I believe that we need a change in perspective if we are going to fulfil our calling and the commission we have been given, because perspective is everything.

I believe we need a change of perspective in how we view people who are still unsaved, those who are still without God and without hope. We looked at that last time in the account of Jesus and the woman at the well in Samaria. Jesus basically told his disciples that if they wanted to reap a harvest of souls they would need a change of perspective – because perspective is everything.

If Jesus had not had a different perspective from his disciples the reality is that a Samaritan outcast and her city would have remained lost.

When Jesus established the New Covenant by dying and rising again from the dead I believe that the way God sees people changed forever. And so it is important that we also have a change of perspective so that we see people in the same way that he does – because perspective is everything.

How we see people will impact on what we say to people and how we respond to people – how we treat people and how we relate to people. I believe that when you change the way you look at people it can change the people you look at. We need to look at all people from the perspective of what Jesus already accomplished on their behalf on the Cross.

2 Corinthians 5: 18 – 20

18 Now all things are of God, who has reconciled us to Himself through Jesus Christ, and has given us the ministry of reconciliation, 19 that is, that God was in Christ reconciling the world to Himself, not imputing [reckoning] their trespasses to them, and has committed to us the word of reconciliation.20 Now then, we are ambassadors for Christ, as though God were pleading through us: we implore you on Christ’s behalf, be reconciled to God.

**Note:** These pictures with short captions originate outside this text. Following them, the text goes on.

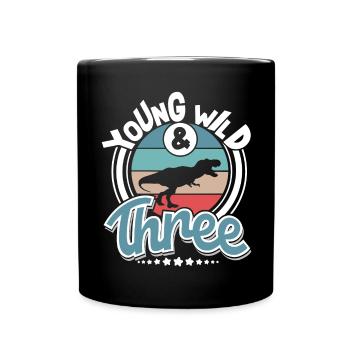 3 Jahre Kindergeburtstag Dino Dinosaurier - Tasse einfarbig - Schwarz - Vorne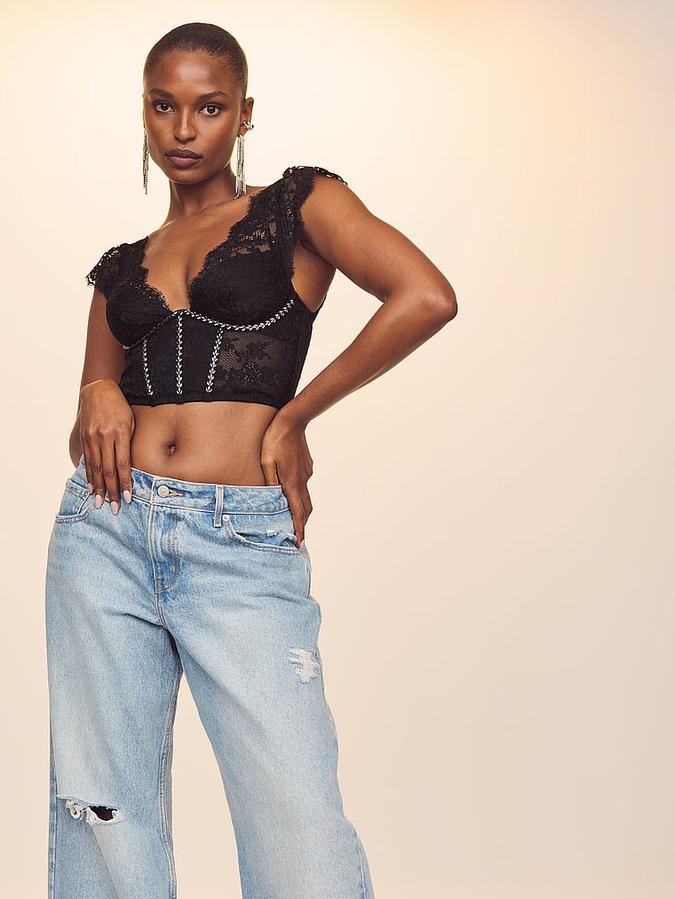 Twinkle Lace Cap-Sleeve Corset Top image number 4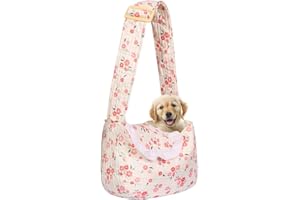 YHSHYZH Floral Print Pet Carrier Bag for Small Dogs and Cats, Hands-Free Design Dog Purses(Red Floral, Small)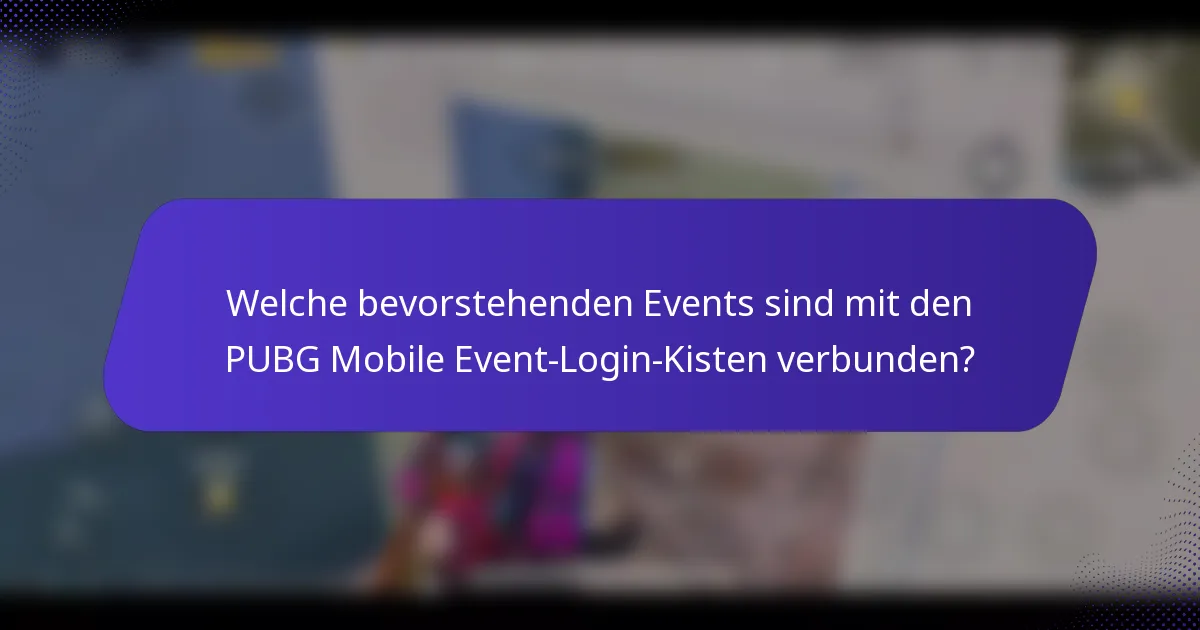Welche bevorstehenden Events sind mit den PUBG Mobile Event-Login-Kisten verbunden?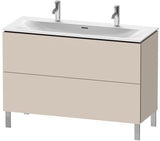 Duravit L-Cube Waschtischunterbau 1220 mm weiß matt – 2 Auszüge, Tip-On, bodenstehend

The Cross is the great equaliser.

Jesus sat down with the Samaritan woman and treated her as his equal which was completely contrary to how tradition had wired people. In ministering to this woman Jesus broke just about every convention that existed in the religious tradition in which he had been raised.

I shared last time regarding the word I believe the Holy Spirit gave me many years ago:

You will have to break out of the cultural mores if you are going to break into the more of God

mores are defined as the essential or characteristic customs, conventions, traditions, practices, of a community

In this second part of this series I want us to look at one particular aspect of ministry where I believe we really need a breakthrough and a change of perspective if we are to effectively move forward in our destiny as local, regional, cross-cultural, and international world-changing disciple-makers and church planters.

We need a change of perspective – because perspective is everything.

Acts 6: 1 – 4

1 Now in those days, when the number of the disciples was multiplying, there arose a complaint against the Hebrews by the Hellenists, because their widows were neglected in the daily distribution. 2 Then the twelve summoned the multitude of the disciples and said, “It is not desirable that we should leave the word of God and serve tables. 3 Therefore, brethren, seek out from among you seven men of good reputation, full of the Holy Spirit and wisdom, whom we may appoint over this business; 4 but we will give ourselves continually to prayer and to the ministry of the word.”

From this account it would appear as I said earlier that although Jesus had equipped these guys by teaching and example for the work of the ministry that some of what he had equipped them with had flown over their heads, leaving them unprepared for the work of the ministry. The Greek word translated “desirable” here can also mean “pleasing, satisfactory, acceptable or agreeable.”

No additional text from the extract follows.